Displays the **mean of annual ET sums** across your analysis period for context.
> Note: In static GitHub rendering you won't see the interactive map; run locally to view.


In [None]:

import geemap

# Compute mean annual ET across period (2016–2021 in original; here use START_YEAR..END_YEAR as a demo)
def per_year_sum(y):
    start = ee.Date.fromYMD(y, 1, 1)
    end   = ee.Date.fromYMD(y + 1, 1, 1)
    return openet_ic.filterDate(start, end).select('et_ensemble_mad').sum().set('year', y)

years_list = ee.List.sequence(START_YEAR, END_YEAR)
yearly_sums_ic = ee.ImageCollection(years_list.map(per_year_sum))
mean_et_img = yearly_sums_ic.mean()

m = geemap.Map(center=[37.5, -95], zoom=4)
m.addLayer(mean_et_img, VIS_PARAMS, 'Mean of annual ET sums')
m.addLayer(ee.FeatureCollection(ee.Feature(ee_polygon)), {}, 'Watershed')
m.addLayerControl()
m



## 7) Optional: Export Annual (P − ET) Rasters to Google Drive

Set `EXPORT_SCALE`, `GDRIVE_FOLDER`, and choose years below.

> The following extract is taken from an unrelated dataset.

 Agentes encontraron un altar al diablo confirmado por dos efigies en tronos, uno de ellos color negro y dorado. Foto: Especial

Exports are **started** as tasks—monitor in the GEE Tasks tab.


In [None]:

EXPORT_YEARS = [END_YEAR]  # e.g., [2023] or list(range(START_YEAR, END_YEAR+1))

for yr in EXPORT_YEARS:
    start = ee.Date.fromYMD(yr, 1, 1)
    end   = ee.Date.fromYMD(yr + 1, 1, 1)
    et_img = openet_ic.filterDate(start, end).select('et_ensemble_mad').sum()
    p_img  = gridmet_ic.filterDate(start, end).select('pr').sum()
    runoff_img = p_img.subtract(et_img).clip(ee_polygon)

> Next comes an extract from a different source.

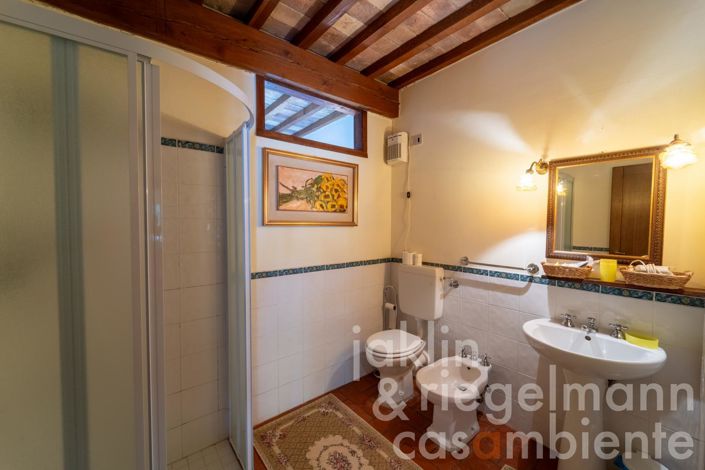 Image No.52-6 Bed Country House for sale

    task = ee.batch.Export.image.toDrive(
        image=runoff_img,
        description=f"Runoff_{yr}",
        folder=GDRIVE_FOLDER,
        fileNamePrefix=f"Runoff_{yr}",
        scale=EXPORT_SCALE,
        region=ee_polygon.bounds(),
        fileFormat="GeoTIFF",
        maxPixels=1e13
    )
    task.start()
    print(f"Export started for year {yr}. Check Earth Engine Tasks UI.")

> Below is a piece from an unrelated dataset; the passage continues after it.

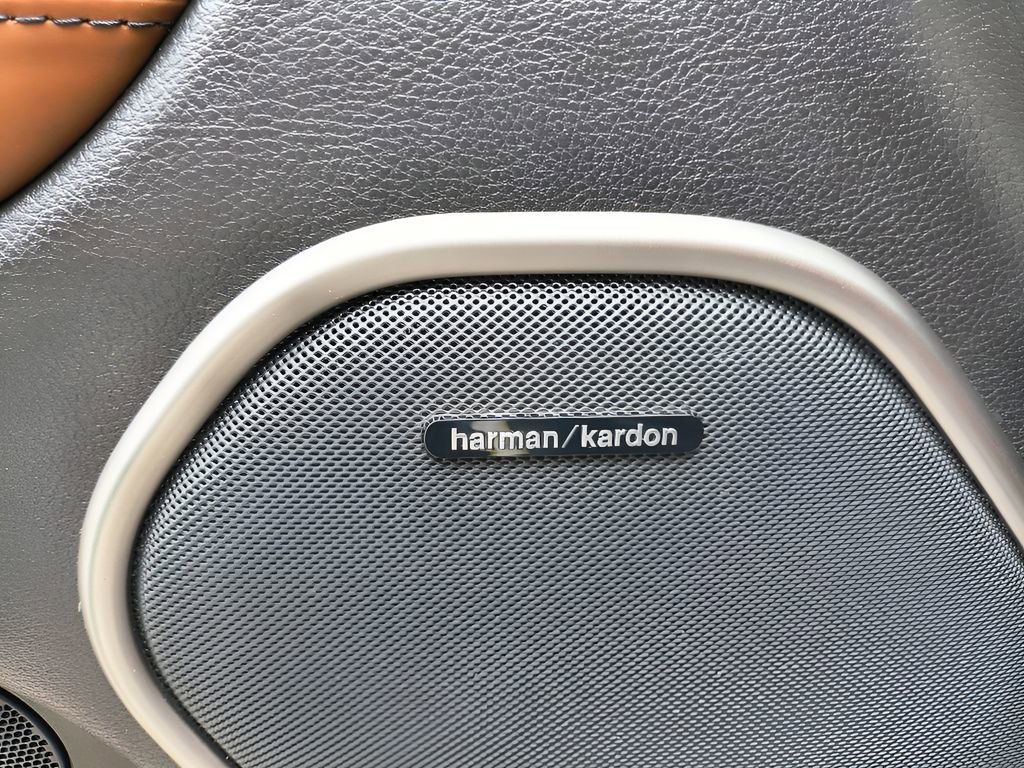 Used 2021 Jeep Grand Cherokee Overland w/ Trailer Tow Group IV image 10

## 8) USGS Discharge → Annual Runoff Depth (mm)

We read a CSV with daily (or finer) **Discharge** (in cfs), convert to m³/s, compute annual mean discharge, and convert to **runoff depth (mm)**:

\[ \text{Runoff depth (mm)} = \frac{\overline{Q}\;[m^3/s] \times \text{seconds/year}}{A\;[m^2]} \times 1000 \]


In [None]:

import numpy as np

# Read USGS discharge CSV
usgs_df = pd.read_csv(USGS_CSV)

# Expect columns: 'Date' (YYYY-MM-DD), 'Discharge' (cfs). Adjust if your headers differ.
usgs_df['Date'] = pd.to_datetime(usgs_df['Date'])
usgs_df['Discharge_m3s'] = usgs_df['Discharge'] * 0.0283168  # cfs -> m^3/s

# Compute annual mean discharge (m^3/s)
usgs_annual = (
    usgs_df
    .assign(year=usgs_df['Date'].dt.year)
    .groupby('year', as_index=True)['Discharge_m3s']
    .mean()
    .rename('Q_mean_m3s')
    .to_frame()
)

SECONDS_PER_YEAR = 60 * 60 * 24 * 365  # ignore leap years for simplicity
usgs_annual['Runoff_mm'] = (usgs_annual['Q_mean_m3s'] * SECONDS_PER_YEAR / total_area_m2) * 1000.0

display(usgs_annual.head())
print(f"Computed runoff depth using watershed area = {total_area_m2:,.0f} m²")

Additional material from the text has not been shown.